Magisch: die brasilianische Nachtfantasie „Paulista“.

Von Maris Hubschmid

Rausch oder Rücksichtnahme? Freiheit oder Sicherheit? Sex oder Liebe? Das Leben ist geprägt von Verzicht – und von Kompromissen aller Art. Schon gar in einer Metropole wie São Paulo, die viele umgarnt, aber niemanden umarmt. Doch Großstädte sind stets verheißungsvoll und ziehen vor allem junge Menschen an. „Paulista“ erzählt die Geschichten dreier Suchender, die in einem Wohnkomplex an der Avenida Paulista, Brasiliens Fifth Avenue, zusammenkommen. Marina (Sílvia Lourenço) bricht mit ihrem Provinzdasein, um ihre Schauspielkarriere voranzutreiben.
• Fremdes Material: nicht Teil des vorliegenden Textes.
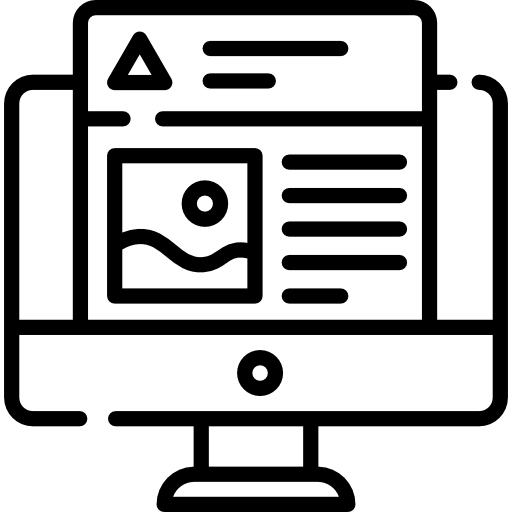 criação de sites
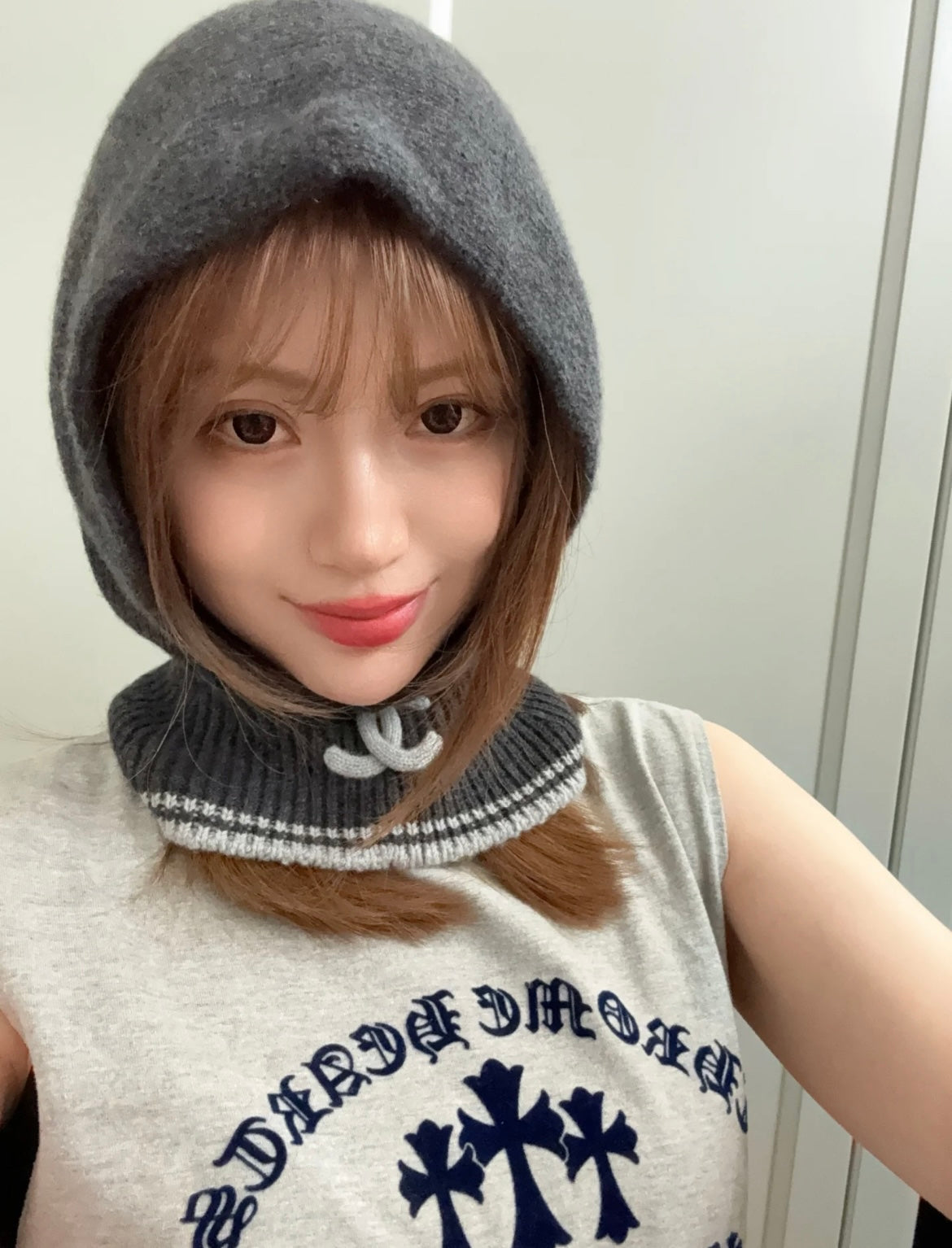 신조 / 샤넬 모자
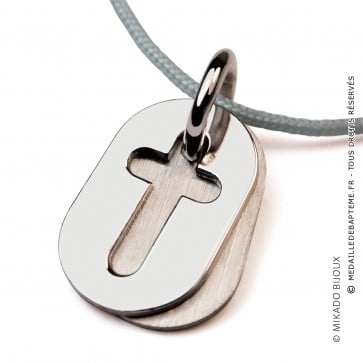 Pendentif Amen (Argent)
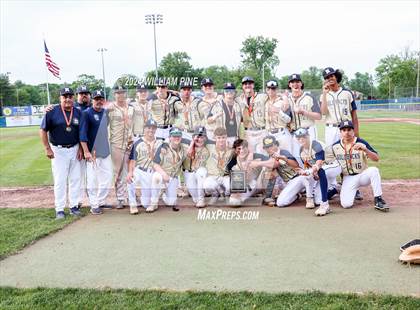 Thumbnail 1 in Kingston vs Newburgh Free Academy (NYSPHSAA Section 9 AAA Final) photogallery.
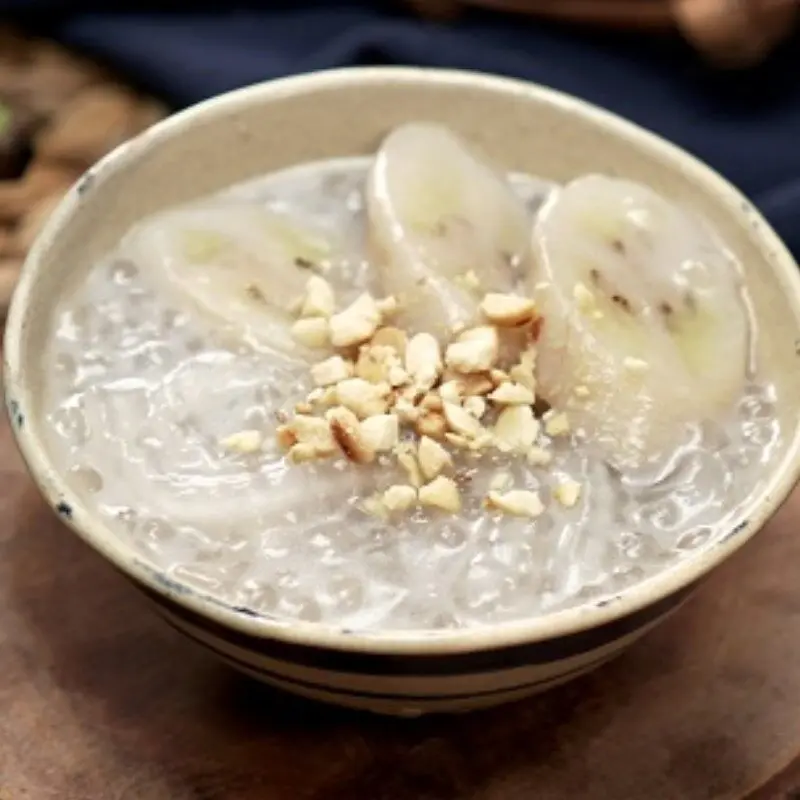 Hình ảnh Chè chuối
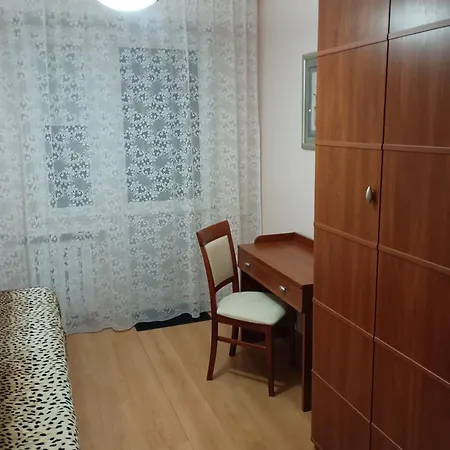 Dwupokojowe Mieszkanie 36 M 2 Z Balkonem Apartment Siedlce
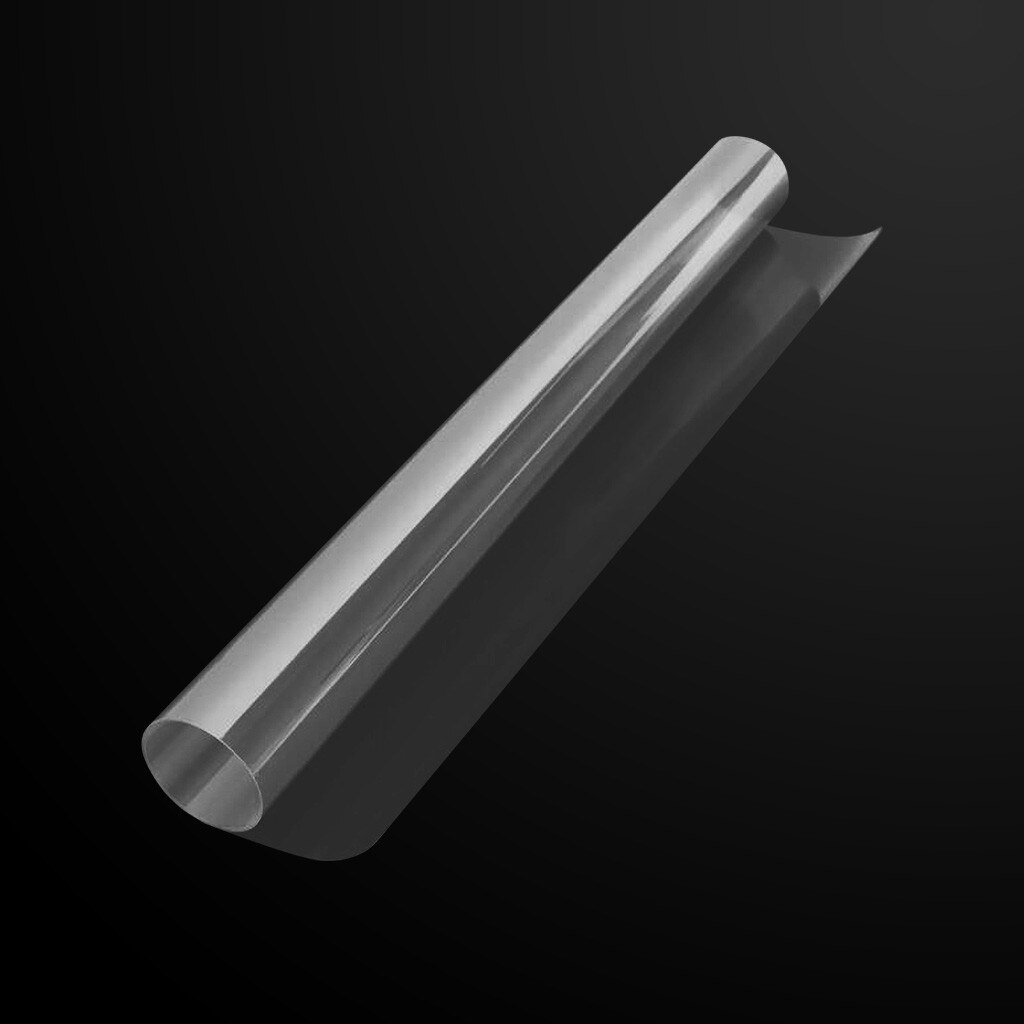 20cmx2m Safety Security Window Film Clear Glass Protection Anti Resist Explosion-proof Transparent Films Bathroom Window Sticker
Der neurotische Jay (Fábio Herford) sucht den Schriftstellerruhm. Und dann ist da Suzana (Maria Clara Spinelli), Marinas kontrollierte, zuweilen etwas gallige Vermieterin. Die ambitionierte Scheidungsanwältin hat an einem schweren Geheimnis zu tragen.

Alle drei sind sie auf der Suche nach Anerkennung – und nach den großen Gefühlen: „Bleib doch mal länger als eine Stunde.“ Jay, der sich heftig zu der Prostituierten Michelle hingezogen fühlt, will nicht länger Kunde, sondern Liebhaber sein. Suzana lässt sich nach einigem Zögern auf eine Nacht mit ihrem Kollegen Gil ein. Und Marina stürzt sich in ein Abenteuer mit der Sängerin Justine, die ein offensichtliches Drogenproblem und auch anderweitige Sorgen hat.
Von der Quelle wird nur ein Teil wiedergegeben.